HOW TO COMPLETE THIS TASK:
Return the following from the records below: each line, word for word, starting with the line that contains "Everything is fine" and going on through the line that contains "Clever Moda Xtremen", with nothing outside that range.
(Beginning of INPUT MATERIAL)
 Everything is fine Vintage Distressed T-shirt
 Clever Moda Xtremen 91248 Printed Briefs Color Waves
(End of INPUT MATERIAL)
(Beginning of INPUT MATERIAL)
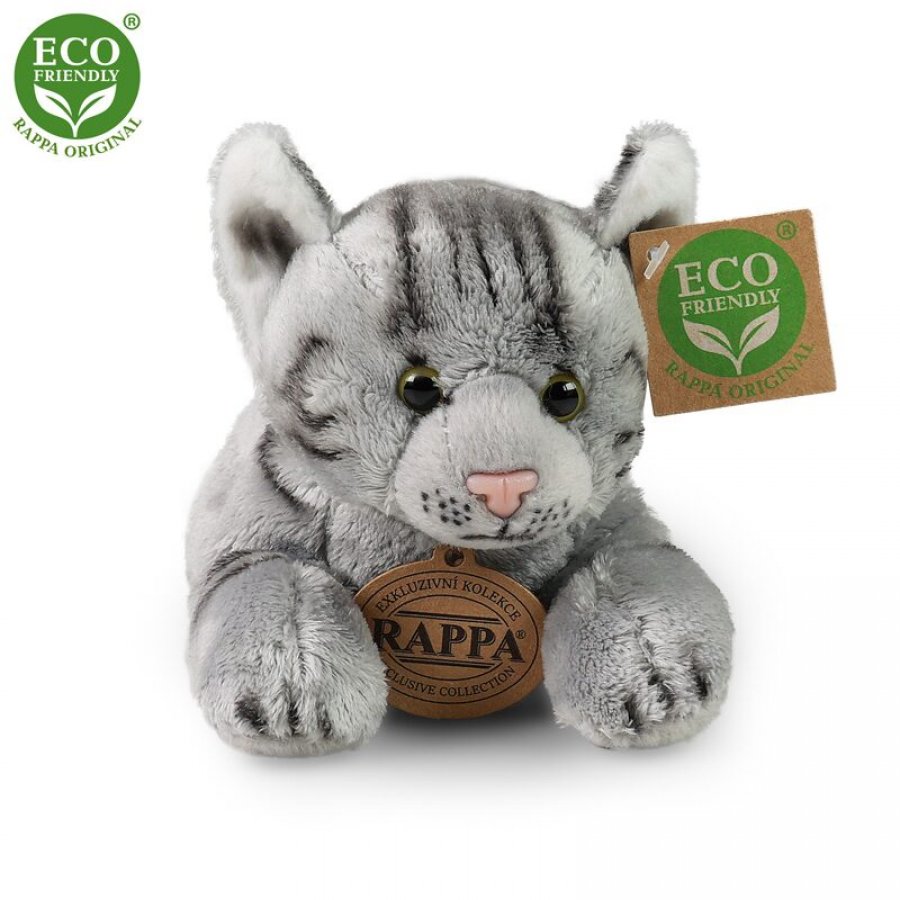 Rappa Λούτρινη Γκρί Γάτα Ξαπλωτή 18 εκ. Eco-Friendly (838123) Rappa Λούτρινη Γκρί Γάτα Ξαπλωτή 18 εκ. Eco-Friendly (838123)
(End of INPUT MATERIAL)
WORKED SOLUTION:
 Everything is fine Vintage Distressed T-shirt
 Clever Moda Xtremen 91248 Printed Briefs Color Waves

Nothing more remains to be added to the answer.